Captioned web image data
──────────────────────────────

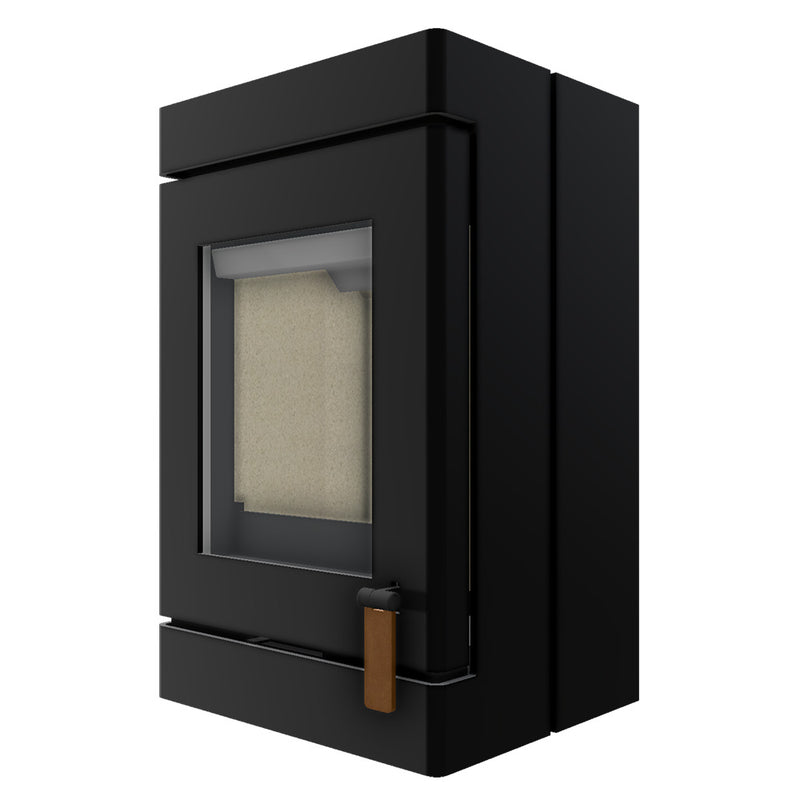 Barbas Box 35 40-70 Wall Mounted Wood Burner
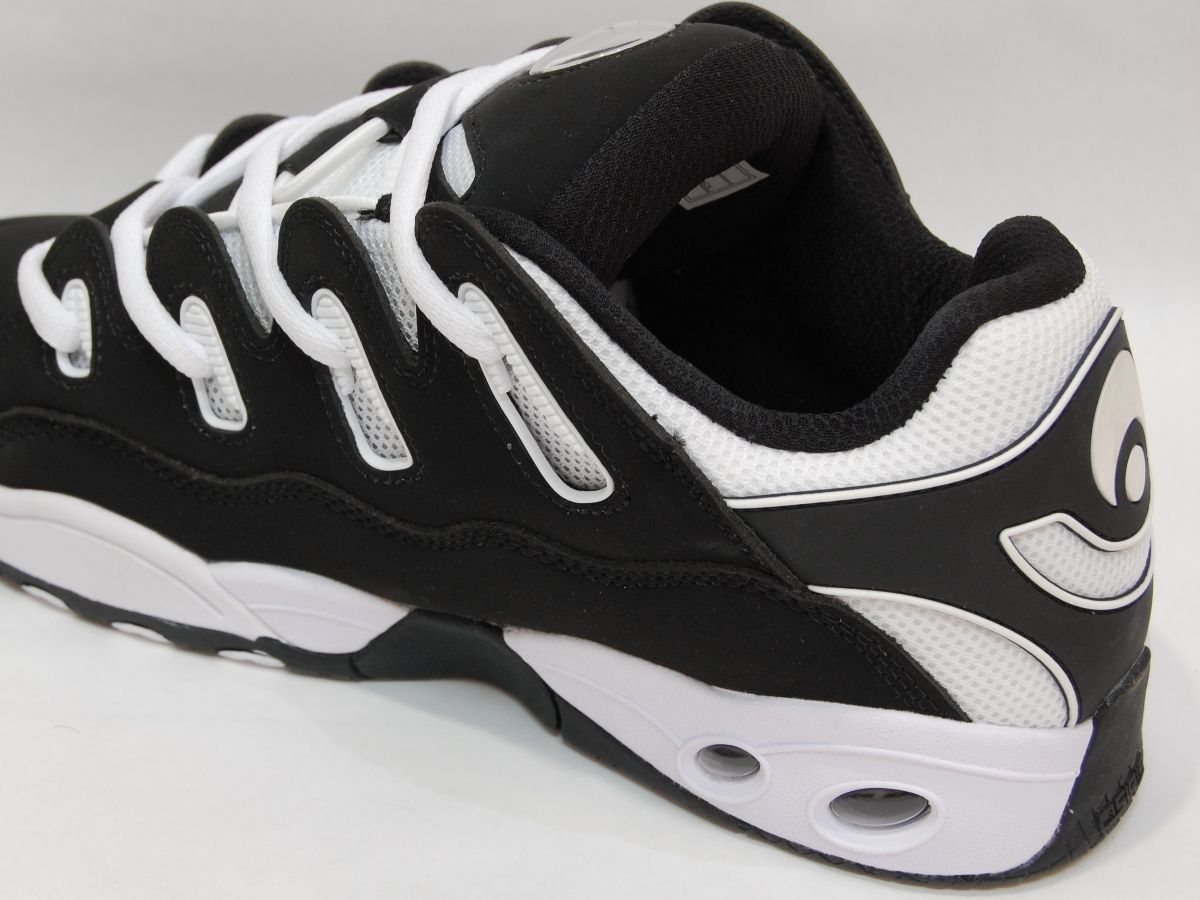 OSIRIS D3 Og Black/White/Black オサイラス ブラック ホワイト
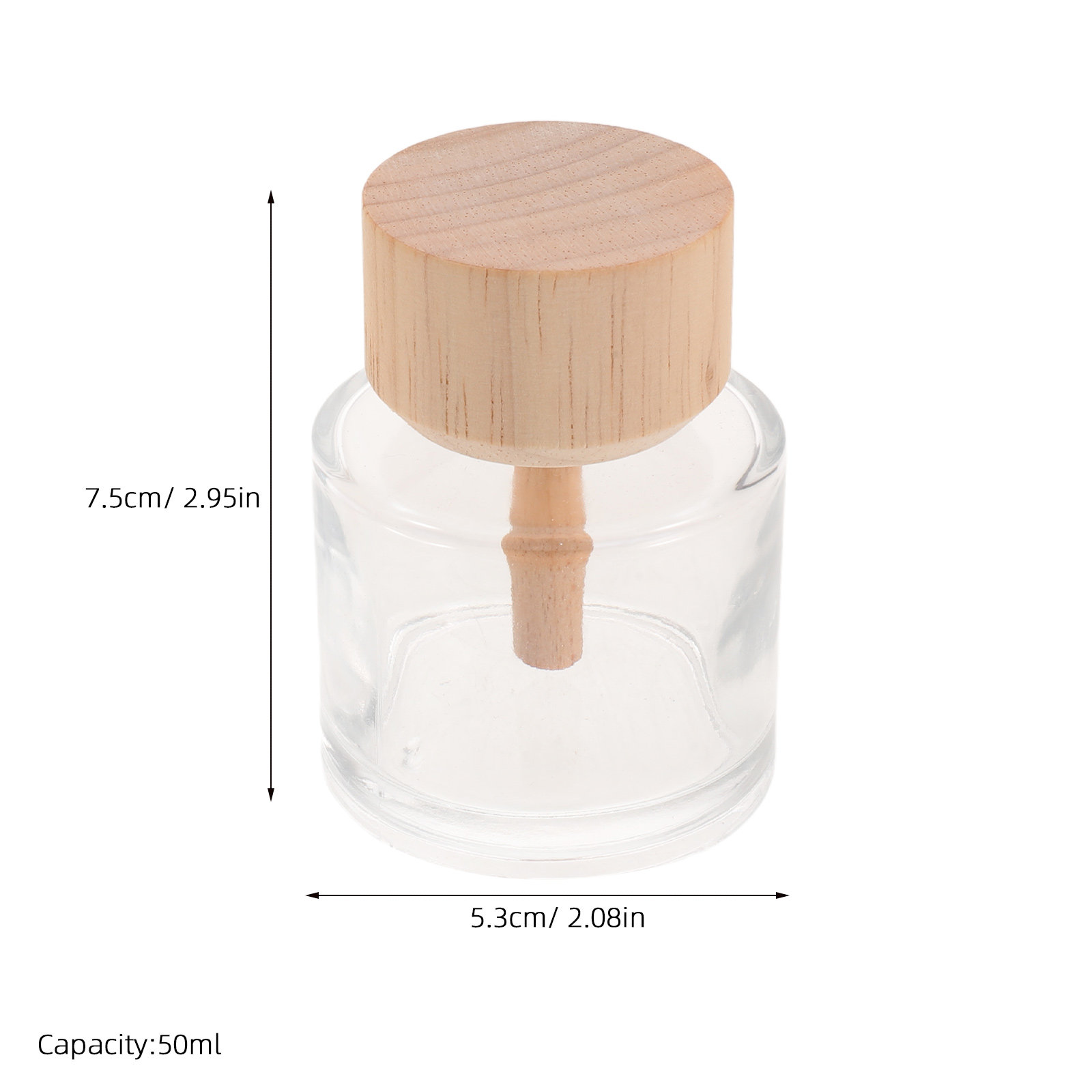 2 Adet Şeffaf Cam Çubuklu Difü - Home Fragrance Oil Diffuser incelemesi ve fiyatı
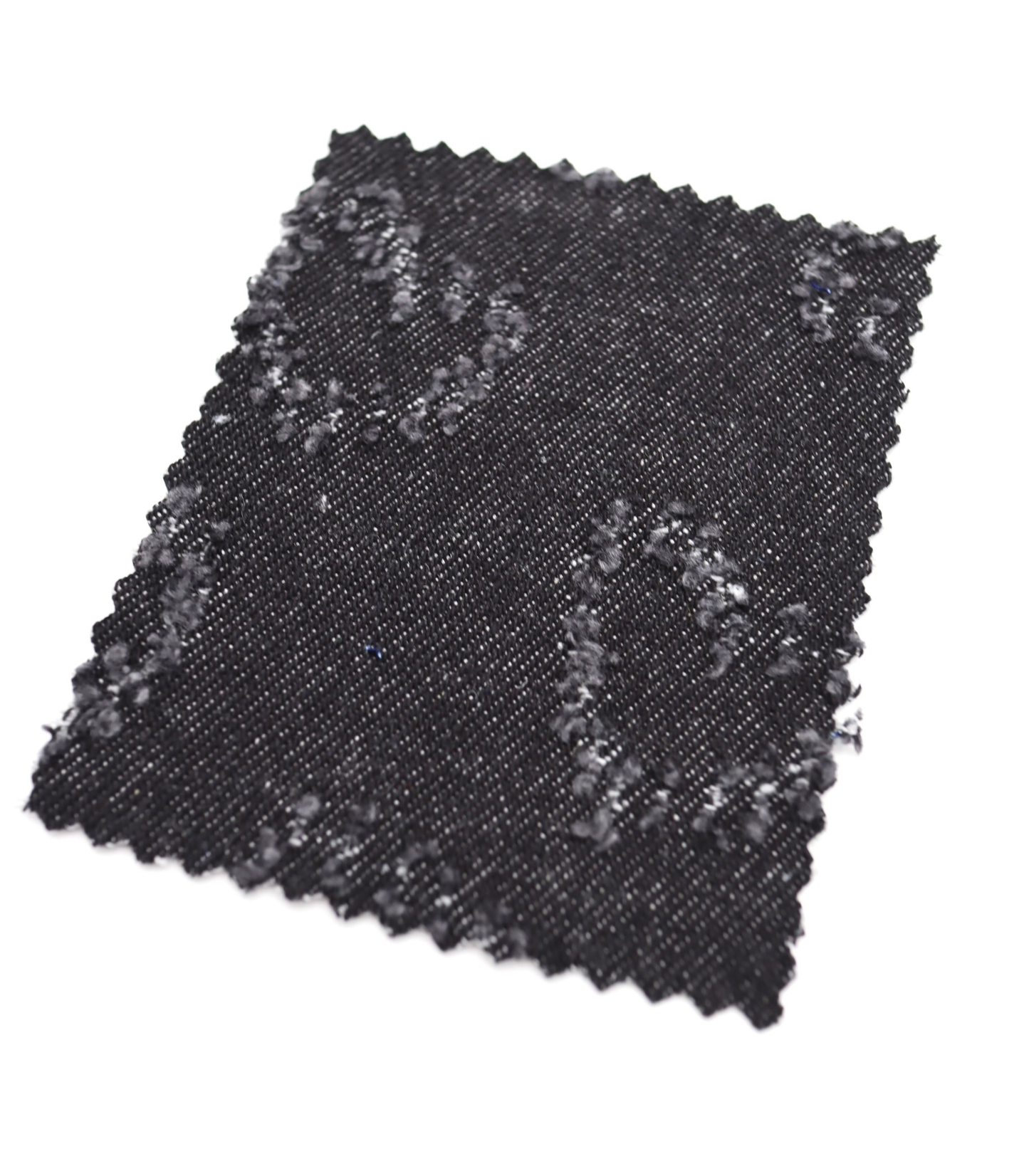 【25SS-215】ハートダメージデニム /0.5yあたり=~1015円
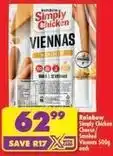 Shoprite Rainbow - viennas with cheese offer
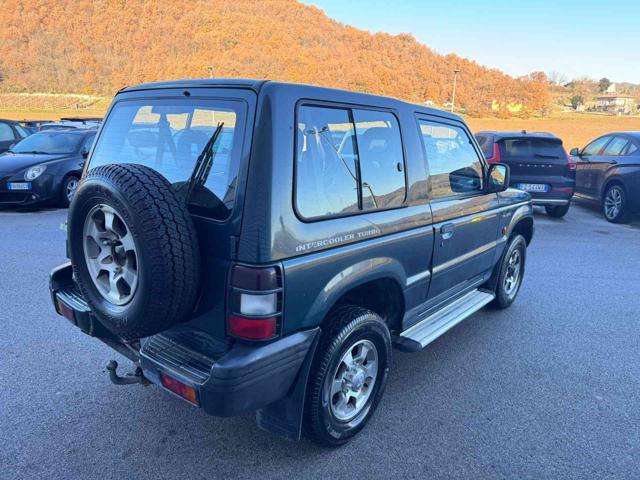 MITSUBISHI Pajero 2.5 TDI Metal-top S.S. GLX Air GANCIO TRAINO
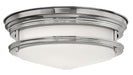 Myhouse Lighting Hinkley - 3302CM - LED Flush Mount - Hadley - Chrome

──────────────────────────────

PROBLEM DETAILS: Copy out the records exactly. Do not include the pictures.

RESULT:
 Barbas Box 35 40-70 Wall Mounted Wood Burner
 OSIRIS D3 Og Black/White/Black オサイラス ブラック ホワイト
 2 Adet Şeffaf Cam Çubuklu Difü - Home Fragrance Oil Diffuser incelemesi ve fiyatı
 【25SS-215】ハートダメージデニム /0.5yあたり=~1015円
 Shoprite Rainbow - viennas with cheese offer
 MITSUBISHI Pajero 2.5 TDI Metal-top S.S. GLX Air GANCIO TRAINO
 Myhouse Lighting Hinkley - 3302CM - LED Flush Mount - Hadley - Chrome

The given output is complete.